Austin B.
Yelp
tl;dr wacky pies done well, even the uber-gimmicky taco pizza is exciting and well worth a visit
Tony Boloney's debuted in Atlantic City in 2009 as a boutique pizzeria/deli from the mind of Mike Haute. The well-curated, drunk-food menu of inventive pizzas and subs is headlined by the signature Taco Taco Taco Pizza -- originally a fanciful stoner combo available only on Tuesdays that has now garnered attention nationwide. Tony Boloney's has since expanded to multiple New Jersey locations, including a food truck.
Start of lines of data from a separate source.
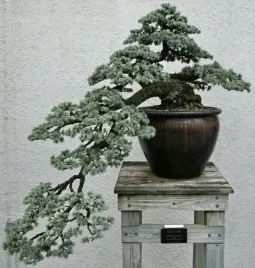 na-bonsai-cedr-atlaski-3-nasiona-cedrus-atlantica-do-domu-i-ogrodu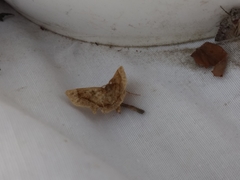 Metarranthis hypochraria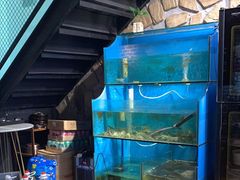 水产区-Thai Basil罗勒叶泰式餐厅(时代天街店)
The Jersey City outpost is adjacent to a meadow-green muralled construction project jutting out into the sidewalk. The all-black storefront has a cursive, blue neon sign hanging in the window. The interior is industrial-chic. A pizza-inspired graffiti collage stretches along the wall to the left; whitewashed brick on the right starkly contrasts the black subway tile across the back. Warm, filamentous bulbs hang from the soaring ceilings, and a single, wall-mounted flat screen plays Scrubs without subtitles. The compact pizza display is illuminated by blue and green underlighting. The teal unisex bathroom is separated by latched, barn-style sliding door. A handful of mildly cushioned booths are closely packed in the space, and pop radio echoes around the room.
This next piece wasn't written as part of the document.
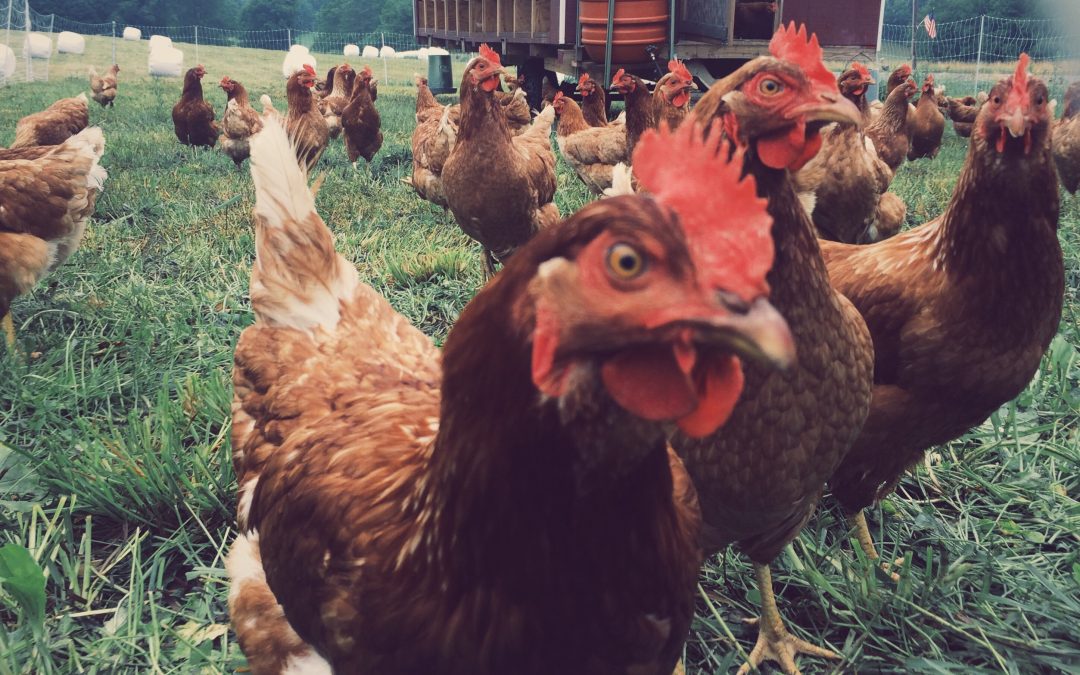 Japão deixa de comprar carne de frango devido à gripe aviária no ES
A few friends and I arrived for Sunday lunch, and Tony Boloney's boasted a steady stream of customers. We spent a few minutes browsing the laminated menus and acquainting ourselves with the ambitious pizza lineup, but we were somewhat disappointed to learn that our selection of slices was limited to those already on display (probably only half of the available pizza concoctions). Undeterred, we opted to share an assortment of varieties.
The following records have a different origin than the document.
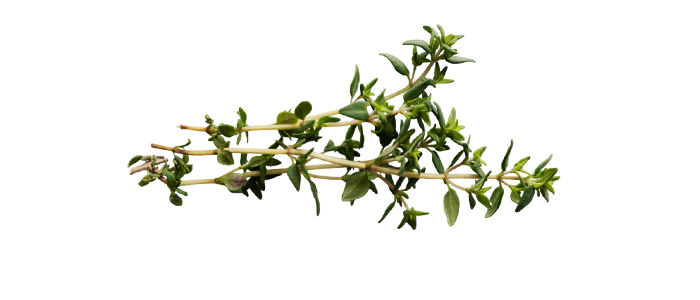 थाईम Thymus vulgaris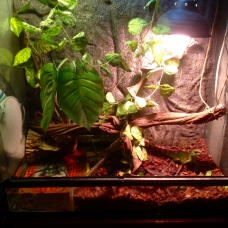 Image pour l'annonce Donne Physignathus Cocincinus / Dragon d'eau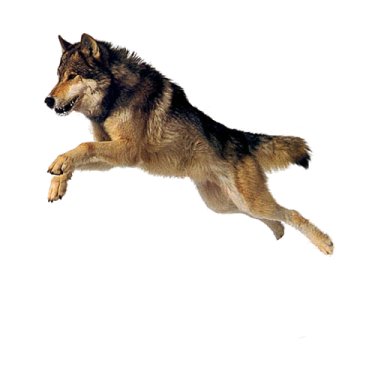 a wolf jumping in the air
Across all of the slices, the crust was thin, uncharred, and remarkably sturdy. The collective favorite was the Supreme Tang, a Thai-inspired chicken pie featuring a sesame seed crust, spicy mayo, and a dynamic blend of sweet and savory flavors. My next pick (and my partner's favorite of the lot) was the aforementioned Taco Taco Taco, now offered daily. The floppy, extra-large slice balanced precariously on two paper plates. It was slathered with Oaxacan queso blanco and chipotle mole sauce, decked with three unexpectedly hefty tacos and a boatload of fresh guacamole, and finally drizzled with pickled jalapeno crema. The taco varieties -- mezcal-marinated steak, chicken, and brisket, each cooked with ooey gooey cheese sauce -- were each flavorfully rich and would be wholly satisfying as standalone eats in their own right. A single taco pizza slice could reasonably serve as a hearty meal, and it was perfect to split between multiple folks. Among the remaining slices, I also enjoyed the Tikka (another sesame crust decorated with paneer and tamarind chutney), as well as the relatively subdued, earthy Magic Mushroom. Only the S#itfaced Chicken, which was totally overpowered by the one-dimensionally sweet honey sauce, left me unimpressed.
The staff was somewhat standoffish but otherwise efficient, although one employee was knocked out at an adjacent table. Oddly, napkins and utensils were nowhere to be found across the dining room -- we had to ask the distant staff. Most slices ran $5-8, with the Taco Taco Taco fetching $15. Although zany and oftentimes outlandish, the pies were surprisingly well executed. While by no means the best pizza in New Jersey, Tony Boloney's is a fun and memorable experience, and I would happily be game for round 2.